IEEE J Biomed Health Inform. 2022 Jul;26(7):3578-3589. doi: 10.1109/JBHI.2022.3151333. Epub 2022 Jul 1.
Cancer genome data generally consists of multiple views from different sources. These views provide different levels of information about gene activity, as well as more comprehensive cancer information. The low-rank representation (LRR) method, as a powerful subspace clustering method, has been extended and applied in cancer data research. Although the multi-view learning methods based on low rank representation have achieved good results in cancer multi-omics analysis because they fully consider the consistency and complementarity between views, these methods have some shortcomings in mining the potential local geometry of data. In view of this, this paper proposes a new method named Multi-view Random-walk Graph regularization Low-Rank Representation (MRGLRR) to comprehensively analyze multi-view genomics data. This method uses multi-view model to find the common centroid of view. By constructing a joint affinity matrix to learn the low-rank subspace representation of multiple sets of data, the hidden information of each view is fully obtained. In addition, this method introduces random walk graph regularization constraint to obtain more accurate similarity between samples. Different from the traditional graph regularization constraint, after constructing the KNN graph, we use the random walk algorithm to obtain the weight matrix. The random walk algorithm can retain more local geometric information and better learn the topological structure of the data.
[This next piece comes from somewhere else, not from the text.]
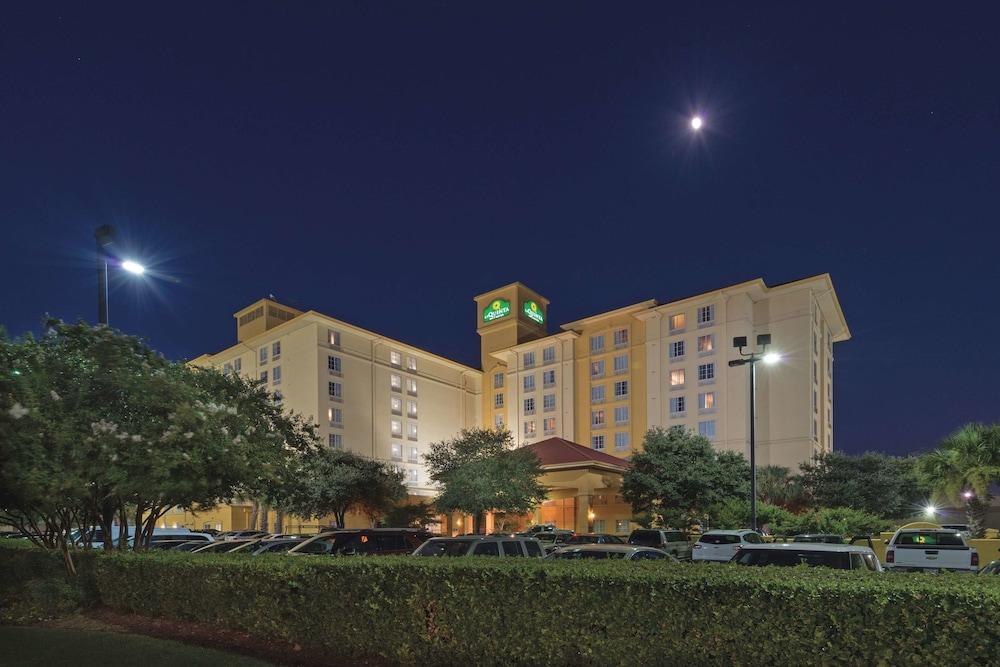 Готель La Quinta By Wyndham San Antonio Airport Екстер'єр фото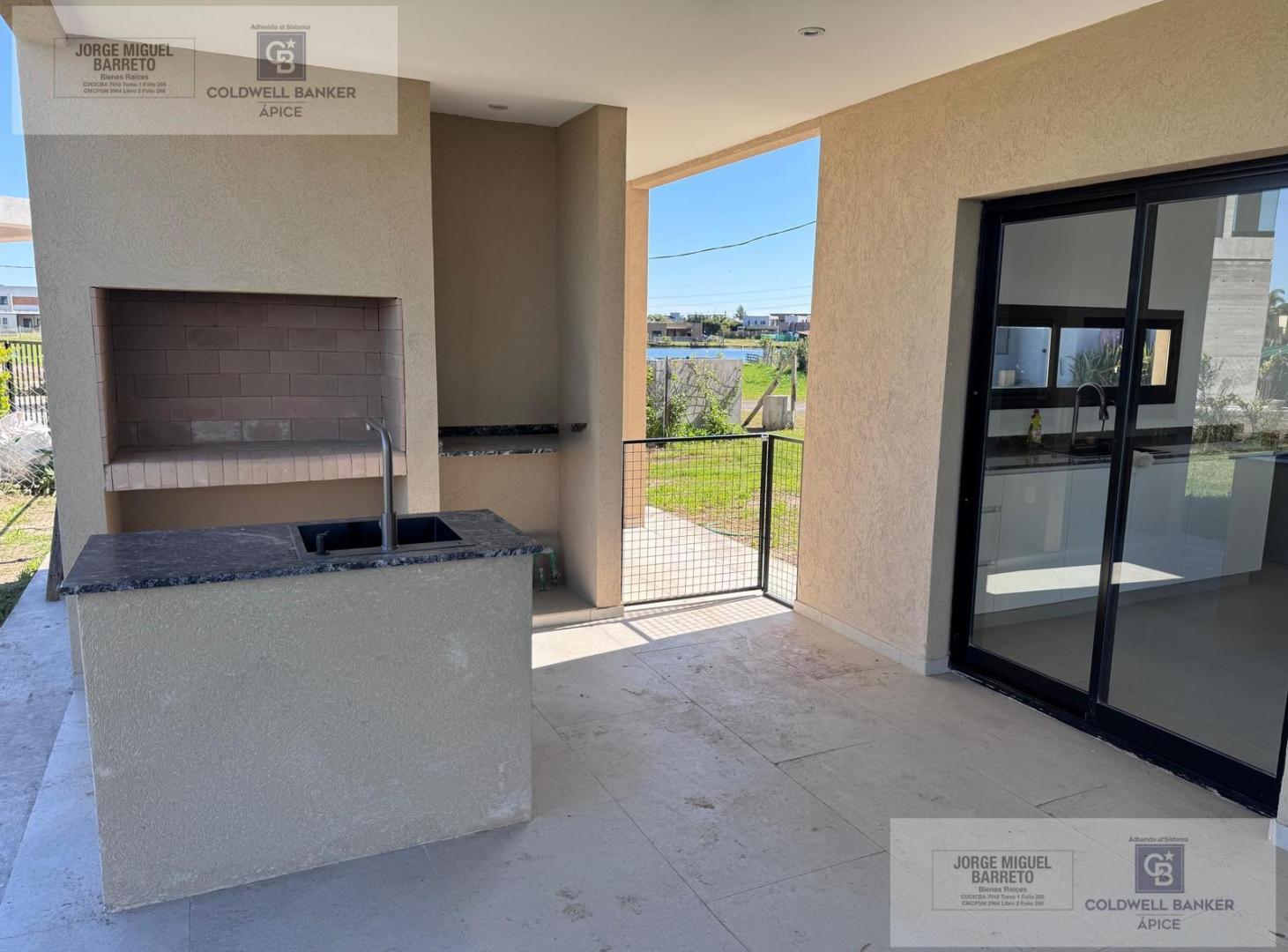 Foto de CASA MODERNA A LA LAGUNA EN EL BARRIO EL ENSUEÑO, imagen 5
What's more, a feature gene selection strategy suitable for multi-view model is proposed to find more differentially expressed genes with research value. Experimental results show that our method is better than other representative methods in terms of clustering and feature gene selection for cancer multi-omics data.
癌症基因组数据通常由来自不同来源的多个视图组成。这些视图提供了关于基因活性的不同层次的信息,以及更全面的癌症信息。低秩表示(LRR)方法作为一种强大的子空间聚类方法,已经得到了扩展并应用于癌症数据研究中。尽管基于低秩表示的多视图学习方法在癌症多组学分析中取得了很好的效果,因为它们充分考虑了视图之间的一致性和互补性,但这些方法在挖掘数据的潜在局部几何结构方面存在一些缺点。针对这一问题,本文提出了一种名为多视图随机游走图正则化低秩表示(MRGLRR)的新方法,用于全面分析多视图基因组学数据。该方法使用多视图模型找到视图的公共质心。通过构建联合相似性矩阵来学习多组数据的低秩子空间表示,可以充分获取每个视图的隐藏信息。此外,该方法引入了随机游走图正则化约束,以获得样本之间更准确的相似度。与传统的图正则化约束不同,在构建 KNN 图后,我们使用随机游走算法来获得权重矩阵。随机游走算法可以保留更多的局部几何信息,并更好地学习数据的拓扑结构。此外,还提出了一种适用于多视图模型的特征基因选择策略,以找到更具研究价值的差异表达基因。实验结果表明,我们的方法在癌症多组学数据的聚类和特征基因选择方面优于其他代表性方法。